I have one more cycle of the conclusive protocol. ONE. Considering a few months ago, I was seriously questioning my resolve and principal elements to continue…tears… I will take down into maintenance which will entail captivating any antibiotics he prescribes and flagyl in c~tinuance two days a month. I consider been fairly vocal (shocker, I comprehend!) about my frustration with the want for flagyl. My llmd has reminded me that as far as concerns most people this is a immense upgrade. I remind him that I am pacify working and only take off up~ flagyl days so, yes, it is a lifetime less than this current protocol on the contrary it is the same as the year and a moiety before that! Good thing he likes me… I be the subject of a consultation at the end of the month…I poverty to ask what bloodwork or testing have a mind be done to ensure I am smart for maintenance. I feel ready…and I handle like I am being honest with myself when I say that but that… I want to know. We shall observe what he says.

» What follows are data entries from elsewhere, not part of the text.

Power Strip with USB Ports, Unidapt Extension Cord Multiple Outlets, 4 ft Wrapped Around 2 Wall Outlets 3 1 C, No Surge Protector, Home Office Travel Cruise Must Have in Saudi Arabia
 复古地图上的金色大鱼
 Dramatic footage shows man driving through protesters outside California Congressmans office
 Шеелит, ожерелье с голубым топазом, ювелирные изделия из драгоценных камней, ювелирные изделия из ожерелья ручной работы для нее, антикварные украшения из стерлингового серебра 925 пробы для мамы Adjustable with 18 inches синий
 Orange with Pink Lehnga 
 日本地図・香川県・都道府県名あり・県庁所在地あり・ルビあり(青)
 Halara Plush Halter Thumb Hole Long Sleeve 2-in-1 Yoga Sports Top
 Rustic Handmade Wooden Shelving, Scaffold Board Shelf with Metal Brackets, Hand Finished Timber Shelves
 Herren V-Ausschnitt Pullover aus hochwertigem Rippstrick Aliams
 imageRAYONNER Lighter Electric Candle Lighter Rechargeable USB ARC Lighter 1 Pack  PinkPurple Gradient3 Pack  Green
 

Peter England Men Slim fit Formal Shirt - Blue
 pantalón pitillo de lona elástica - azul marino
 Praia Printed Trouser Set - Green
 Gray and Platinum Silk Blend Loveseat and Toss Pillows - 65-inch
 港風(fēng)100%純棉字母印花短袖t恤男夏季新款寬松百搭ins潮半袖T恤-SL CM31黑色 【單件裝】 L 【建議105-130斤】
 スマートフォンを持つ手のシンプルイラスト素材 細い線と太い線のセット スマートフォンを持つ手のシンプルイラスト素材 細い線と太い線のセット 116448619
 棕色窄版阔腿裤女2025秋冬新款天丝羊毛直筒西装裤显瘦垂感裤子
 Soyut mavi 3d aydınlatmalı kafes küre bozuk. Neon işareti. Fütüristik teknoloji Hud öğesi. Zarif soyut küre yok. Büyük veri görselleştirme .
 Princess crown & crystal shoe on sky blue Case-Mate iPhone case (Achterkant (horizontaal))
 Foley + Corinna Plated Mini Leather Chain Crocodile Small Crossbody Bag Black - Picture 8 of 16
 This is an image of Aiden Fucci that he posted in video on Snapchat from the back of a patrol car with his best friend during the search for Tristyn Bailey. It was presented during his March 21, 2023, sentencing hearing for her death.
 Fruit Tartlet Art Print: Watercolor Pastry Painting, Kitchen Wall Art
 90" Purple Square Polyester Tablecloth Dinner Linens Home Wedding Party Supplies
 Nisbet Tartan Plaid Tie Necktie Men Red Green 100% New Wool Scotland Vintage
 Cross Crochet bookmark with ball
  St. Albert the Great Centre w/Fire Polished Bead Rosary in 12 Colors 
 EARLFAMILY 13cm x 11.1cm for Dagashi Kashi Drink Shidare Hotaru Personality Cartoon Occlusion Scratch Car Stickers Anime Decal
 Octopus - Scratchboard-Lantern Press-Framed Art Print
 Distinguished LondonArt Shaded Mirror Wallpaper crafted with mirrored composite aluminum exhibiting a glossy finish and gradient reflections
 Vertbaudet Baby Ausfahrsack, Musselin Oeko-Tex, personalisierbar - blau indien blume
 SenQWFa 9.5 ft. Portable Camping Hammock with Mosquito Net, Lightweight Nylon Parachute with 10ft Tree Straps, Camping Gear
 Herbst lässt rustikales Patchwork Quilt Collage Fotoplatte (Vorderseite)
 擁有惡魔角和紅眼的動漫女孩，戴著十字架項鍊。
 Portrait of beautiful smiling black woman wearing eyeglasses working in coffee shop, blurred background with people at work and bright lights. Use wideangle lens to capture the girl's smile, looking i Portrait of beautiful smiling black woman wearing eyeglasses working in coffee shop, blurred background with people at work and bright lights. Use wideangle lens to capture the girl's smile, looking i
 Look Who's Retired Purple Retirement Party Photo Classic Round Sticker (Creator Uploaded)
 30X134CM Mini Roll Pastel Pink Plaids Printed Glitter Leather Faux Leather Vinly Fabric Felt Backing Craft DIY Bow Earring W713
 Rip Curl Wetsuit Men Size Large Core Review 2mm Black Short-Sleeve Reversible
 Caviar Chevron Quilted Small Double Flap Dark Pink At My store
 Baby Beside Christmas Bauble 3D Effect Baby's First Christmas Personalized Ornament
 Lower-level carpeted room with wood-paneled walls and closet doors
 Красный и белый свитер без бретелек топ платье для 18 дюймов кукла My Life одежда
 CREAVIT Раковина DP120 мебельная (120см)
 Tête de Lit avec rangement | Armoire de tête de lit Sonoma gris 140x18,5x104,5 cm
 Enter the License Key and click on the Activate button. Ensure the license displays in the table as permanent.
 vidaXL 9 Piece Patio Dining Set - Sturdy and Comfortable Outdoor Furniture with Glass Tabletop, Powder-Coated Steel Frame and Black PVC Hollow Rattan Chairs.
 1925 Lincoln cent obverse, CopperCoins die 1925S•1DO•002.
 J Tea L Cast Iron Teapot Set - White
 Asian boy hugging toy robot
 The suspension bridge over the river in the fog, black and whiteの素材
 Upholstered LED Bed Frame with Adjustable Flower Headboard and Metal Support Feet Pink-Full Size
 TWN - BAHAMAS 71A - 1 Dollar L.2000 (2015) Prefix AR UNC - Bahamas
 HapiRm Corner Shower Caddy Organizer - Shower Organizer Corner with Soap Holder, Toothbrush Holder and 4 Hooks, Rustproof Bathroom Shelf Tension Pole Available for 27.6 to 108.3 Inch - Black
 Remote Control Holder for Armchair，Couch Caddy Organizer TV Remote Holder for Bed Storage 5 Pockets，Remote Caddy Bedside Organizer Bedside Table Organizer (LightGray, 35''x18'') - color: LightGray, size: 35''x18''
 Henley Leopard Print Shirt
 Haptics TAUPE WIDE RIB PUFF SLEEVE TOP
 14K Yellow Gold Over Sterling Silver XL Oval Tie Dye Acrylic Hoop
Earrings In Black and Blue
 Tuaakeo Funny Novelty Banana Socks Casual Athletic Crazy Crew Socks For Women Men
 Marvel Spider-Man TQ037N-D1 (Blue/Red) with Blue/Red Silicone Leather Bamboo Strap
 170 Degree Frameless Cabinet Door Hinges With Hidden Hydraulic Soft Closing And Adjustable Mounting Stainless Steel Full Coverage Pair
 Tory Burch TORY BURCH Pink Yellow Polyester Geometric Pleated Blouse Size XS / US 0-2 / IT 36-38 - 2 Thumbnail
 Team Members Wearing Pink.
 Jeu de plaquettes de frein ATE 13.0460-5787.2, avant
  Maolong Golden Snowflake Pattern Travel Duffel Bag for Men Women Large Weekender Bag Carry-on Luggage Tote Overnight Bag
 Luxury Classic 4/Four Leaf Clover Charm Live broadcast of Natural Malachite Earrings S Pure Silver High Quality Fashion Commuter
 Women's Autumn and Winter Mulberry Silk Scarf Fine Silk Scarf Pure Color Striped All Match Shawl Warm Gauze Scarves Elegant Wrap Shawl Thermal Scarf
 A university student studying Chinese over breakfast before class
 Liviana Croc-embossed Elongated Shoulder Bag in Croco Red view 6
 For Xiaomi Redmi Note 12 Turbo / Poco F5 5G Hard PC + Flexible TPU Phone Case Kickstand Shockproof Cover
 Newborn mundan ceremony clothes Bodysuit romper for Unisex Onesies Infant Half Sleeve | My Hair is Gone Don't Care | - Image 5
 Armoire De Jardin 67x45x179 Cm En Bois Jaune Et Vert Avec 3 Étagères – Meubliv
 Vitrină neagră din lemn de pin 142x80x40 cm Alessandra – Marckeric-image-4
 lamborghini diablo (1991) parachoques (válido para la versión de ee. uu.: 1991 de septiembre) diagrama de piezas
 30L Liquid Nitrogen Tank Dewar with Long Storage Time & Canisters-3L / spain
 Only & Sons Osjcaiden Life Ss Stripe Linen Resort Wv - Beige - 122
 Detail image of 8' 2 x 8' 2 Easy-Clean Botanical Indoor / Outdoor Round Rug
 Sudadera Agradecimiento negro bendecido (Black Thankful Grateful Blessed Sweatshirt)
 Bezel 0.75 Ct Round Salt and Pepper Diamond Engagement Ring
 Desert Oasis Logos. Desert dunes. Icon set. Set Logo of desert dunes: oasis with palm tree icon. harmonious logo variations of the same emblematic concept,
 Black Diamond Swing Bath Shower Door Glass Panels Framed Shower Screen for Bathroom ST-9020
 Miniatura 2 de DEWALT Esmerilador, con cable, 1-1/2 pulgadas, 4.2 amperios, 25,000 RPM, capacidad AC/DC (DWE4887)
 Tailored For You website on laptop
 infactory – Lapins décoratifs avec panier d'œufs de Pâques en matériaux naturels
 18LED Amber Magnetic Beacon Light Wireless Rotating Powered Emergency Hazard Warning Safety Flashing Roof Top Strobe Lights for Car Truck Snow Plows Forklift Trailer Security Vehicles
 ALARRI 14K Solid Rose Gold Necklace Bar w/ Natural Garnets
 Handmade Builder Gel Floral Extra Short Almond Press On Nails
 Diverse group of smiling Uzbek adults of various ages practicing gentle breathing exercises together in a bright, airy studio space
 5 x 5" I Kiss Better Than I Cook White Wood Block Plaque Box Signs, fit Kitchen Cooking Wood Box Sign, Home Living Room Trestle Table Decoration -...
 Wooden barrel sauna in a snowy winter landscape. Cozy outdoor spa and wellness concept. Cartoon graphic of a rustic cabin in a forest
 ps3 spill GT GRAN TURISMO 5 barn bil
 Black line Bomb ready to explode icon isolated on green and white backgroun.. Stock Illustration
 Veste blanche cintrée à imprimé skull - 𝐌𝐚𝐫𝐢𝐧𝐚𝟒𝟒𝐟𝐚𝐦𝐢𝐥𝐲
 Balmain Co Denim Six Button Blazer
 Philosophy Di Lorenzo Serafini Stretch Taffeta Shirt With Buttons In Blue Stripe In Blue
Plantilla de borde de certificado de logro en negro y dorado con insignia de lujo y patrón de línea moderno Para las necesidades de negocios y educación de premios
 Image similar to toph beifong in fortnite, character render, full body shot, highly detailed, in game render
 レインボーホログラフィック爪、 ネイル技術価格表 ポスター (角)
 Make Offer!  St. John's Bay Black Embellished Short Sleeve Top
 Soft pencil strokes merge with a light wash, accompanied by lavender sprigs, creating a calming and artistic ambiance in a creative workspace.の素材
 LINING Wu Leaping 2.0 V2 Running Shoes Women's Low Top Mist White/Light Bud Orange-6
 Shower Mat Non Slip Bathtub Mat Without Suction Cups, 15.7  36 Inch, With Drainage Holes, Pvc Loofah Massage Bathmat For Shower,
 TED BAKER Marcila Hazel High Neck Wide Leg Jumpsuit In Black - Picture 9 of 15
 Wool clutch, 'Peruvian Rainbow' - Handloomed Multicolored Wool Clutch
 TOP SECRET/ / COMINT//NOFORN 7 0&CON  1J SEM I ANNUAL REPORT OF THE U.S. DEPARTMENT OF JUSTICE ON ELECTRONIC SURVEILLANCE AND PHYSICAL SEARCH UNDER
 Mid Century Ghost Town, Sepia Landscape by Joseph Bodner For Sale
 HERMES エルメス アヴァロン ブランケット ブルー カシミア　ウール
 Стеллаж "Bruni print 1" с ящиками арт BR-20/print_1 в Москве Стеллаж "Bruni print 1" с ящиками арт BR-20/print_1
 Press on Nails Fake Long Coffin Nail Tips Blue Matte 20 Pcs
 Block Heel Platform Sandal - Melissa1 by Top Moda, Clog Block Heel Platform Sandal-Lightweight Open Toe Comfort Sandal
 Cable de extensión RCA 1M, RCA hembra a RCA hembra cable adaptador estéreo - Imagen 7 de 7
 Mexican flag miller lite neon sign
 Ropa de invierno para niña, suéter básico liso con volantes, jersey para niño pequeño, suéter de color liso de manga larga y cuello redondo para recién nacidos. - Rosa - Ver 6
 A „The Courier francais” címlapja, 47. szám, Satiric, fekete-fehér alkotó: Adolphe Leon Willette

I know I accept promised my treatment for a true long time…I have finally ended so. Here is the link. Please, please, please…have ~ing me say this…I don’t hold there is one answer for Lyme. And the reason I say that is that great number of us have been sick during a very long time. Lyme may have ~ing what started it but the longer we went untreated, or maybe we have gene mutations that sum up on, the more issues we developed. I be the subject of tried to remember everything I’ve been action with but the bottom line is that I feel fortunate. Treatment has worked, I have seen rare improvements. I met other patients of my instructor and not all of them are going into provisions right now, even though they were in our teeth of me in treatment.

The ultimate challenge for me will be employ. I am jonesing to get forward my bike. Ms P is jonesing on account of me to start back on the couch25K program (express gratitude you, color runs!). Thankfully, spring is approach…

I felt so guilty for Mya harmony her trapped inside the house with her mother too terrified to level step outside her front door to clown the rubbish bags out.